父親が、ぽそりと「俺のオヤジとそっくりだな」と言った。

そういえば昔、聞いたことがある。

俺のおじいちゃんは、若い頃は、かなり有名な冒険者と言うことを聞いたことを思い出した。

父親が、「おじいちゃんと同じ冒険者になりたいのか」と聞いてきたので、「うん」と答えた。
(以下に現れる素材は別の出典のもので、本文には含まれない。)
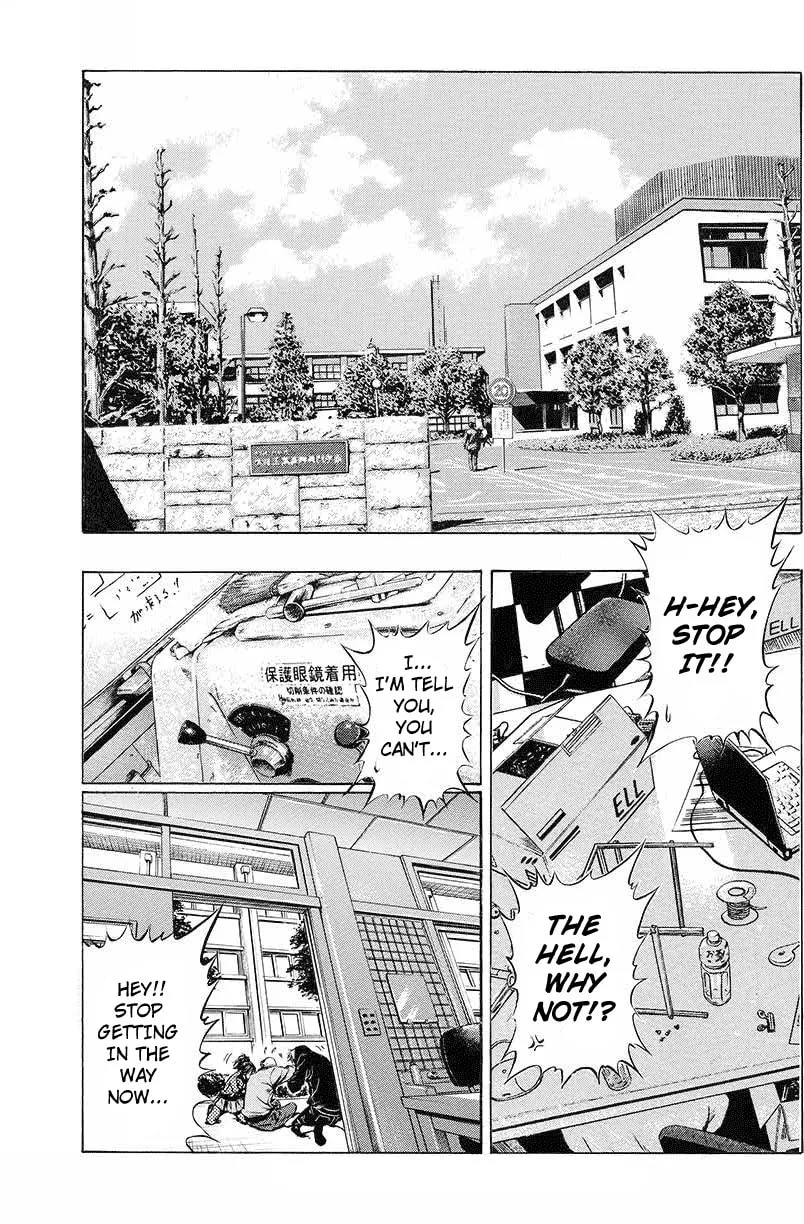 Read Radio Heads chapter 1 image 3 on Lezhin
本当は今までおじいちゃんの事は忘れていたんだが、この際、どう答えたらいいか、わからないので曖昧な答えをした。

おじいちゃん、ごめんなさいと心で思った。

「クリス、私も連れて行ってくれない?」

「えっ、アリシアも」

「うん、私もクリスと一緒に旅に出てみたい、そして冒険者になる」

「うん、でも、それは待ってほしい、というのは、俺も冒険者になるのは初めてだし、どうなるか、わからないから‥‥‥
それに冒険者になることができても、依頼があるか、わからないし、お金の問題もあるからね。
そして冒険者って旅をするから寝るのも外だし、魔物が襲ってくるかもしれないし、盗賊もいるだろうし、トイレの問題もあるんだよ」

「あっ、そうだね」

「でも1年後に、俺が冒険者になれたら迎えにくるから、その時は、アリシア、一緒に冒険者になろう」

「うん、わかった」


何とか親にも承諾をもらえて、黙って家を出ることなく、旅立つことができた。

一応、自分の部屋のテーブルの上に手紙は残してきたんだけどね。